| Exercise data |
============

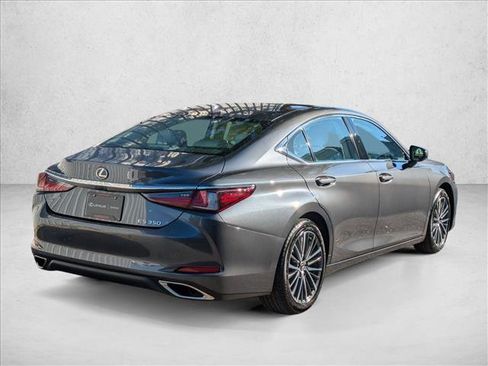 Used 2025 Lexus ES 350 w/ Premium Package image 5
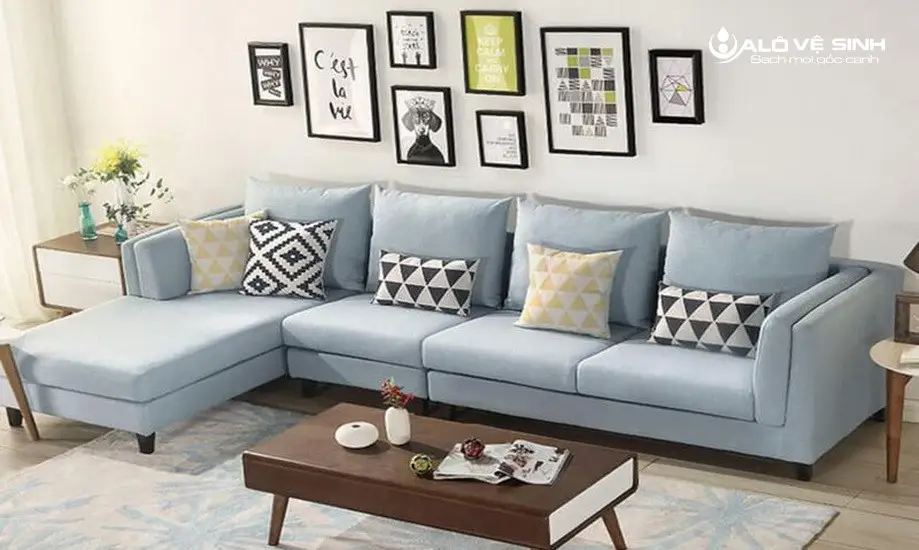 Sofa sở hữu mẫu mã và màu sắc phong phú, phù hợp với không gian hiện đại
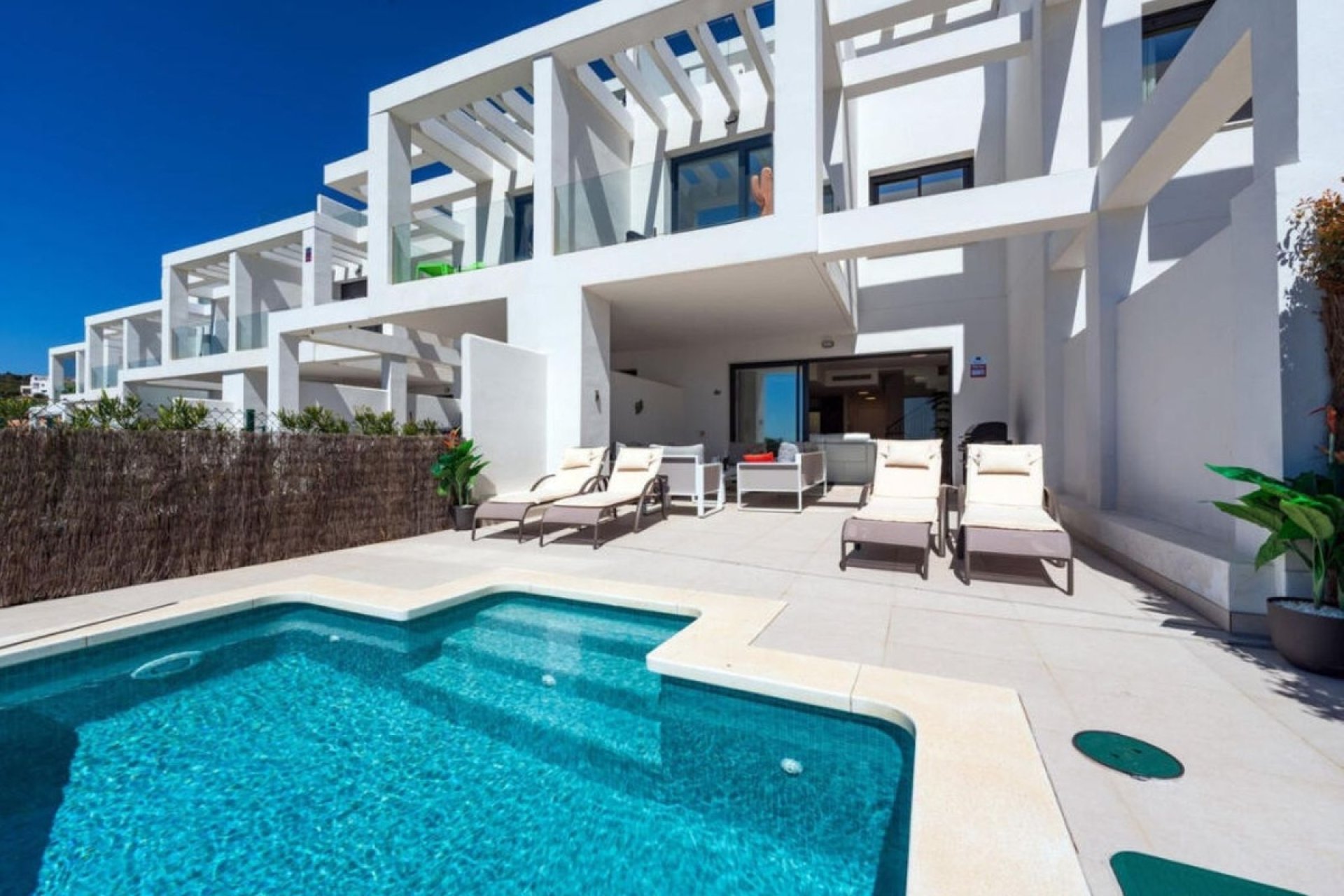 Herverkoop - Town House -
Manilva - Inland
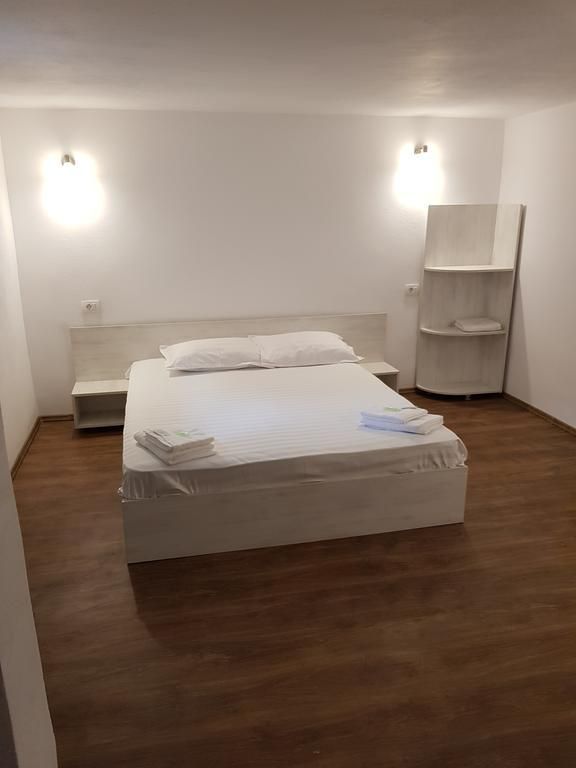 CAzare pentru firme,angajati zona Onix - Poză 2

============

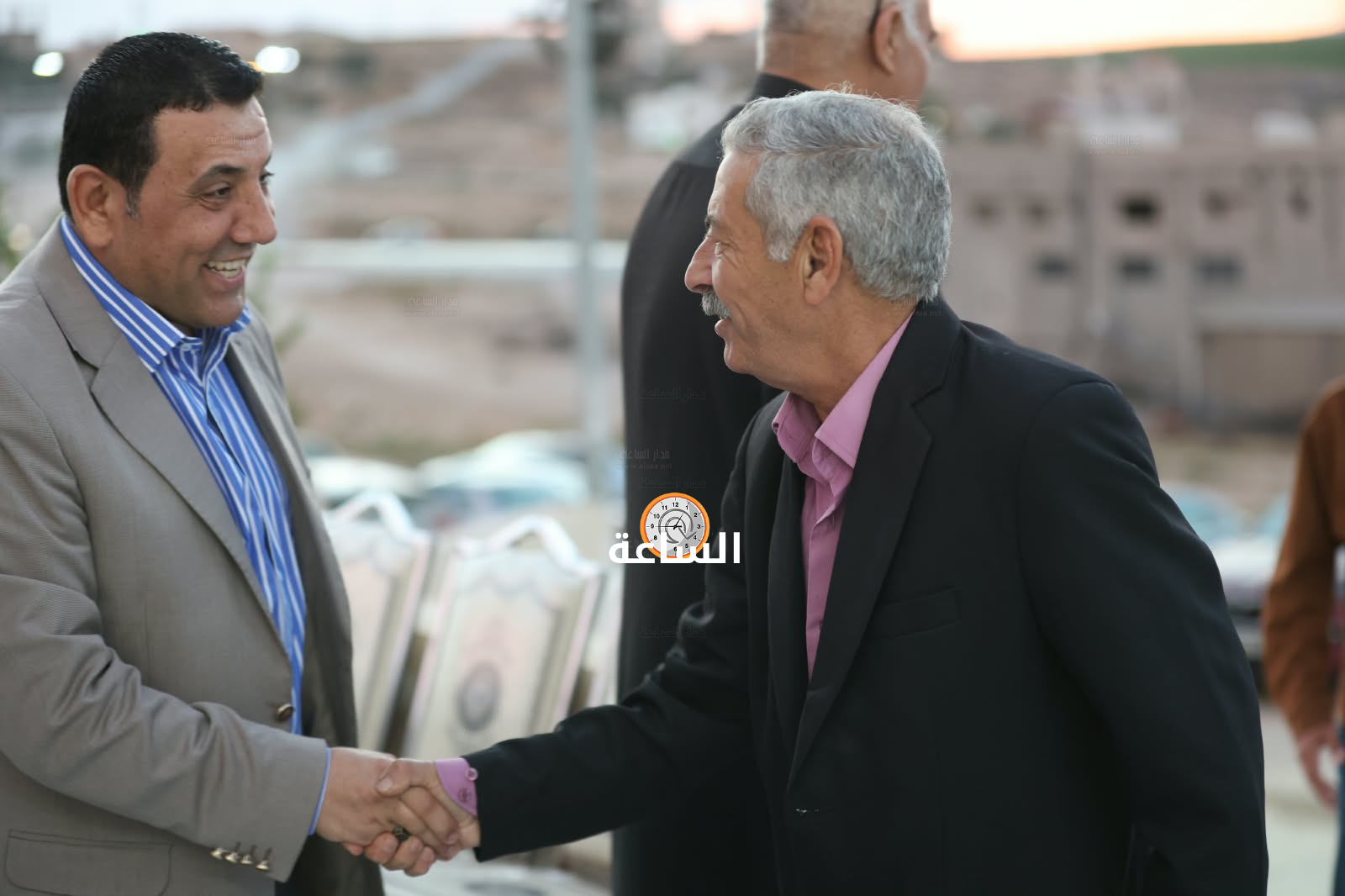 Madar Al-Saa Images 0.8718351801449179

============

| Task description |
Pictures aside, return exactly the lines from the data above, starting at the line that has "Used 2025 Lexus" and ending at the line that has "CAzare pentru firme,angajati", both included.

| Answer space |
 Used 2025 Lexus ES 350 w/ Premium Package image 5
 Sofa sở hữu mẫu mã và màu sắc phong phú, phù hợp với không gian hiện đại
 Herverkoop - Town House -
Manilva - Inland
 CAzare pentru firme,angajati zona Onix - Poză 2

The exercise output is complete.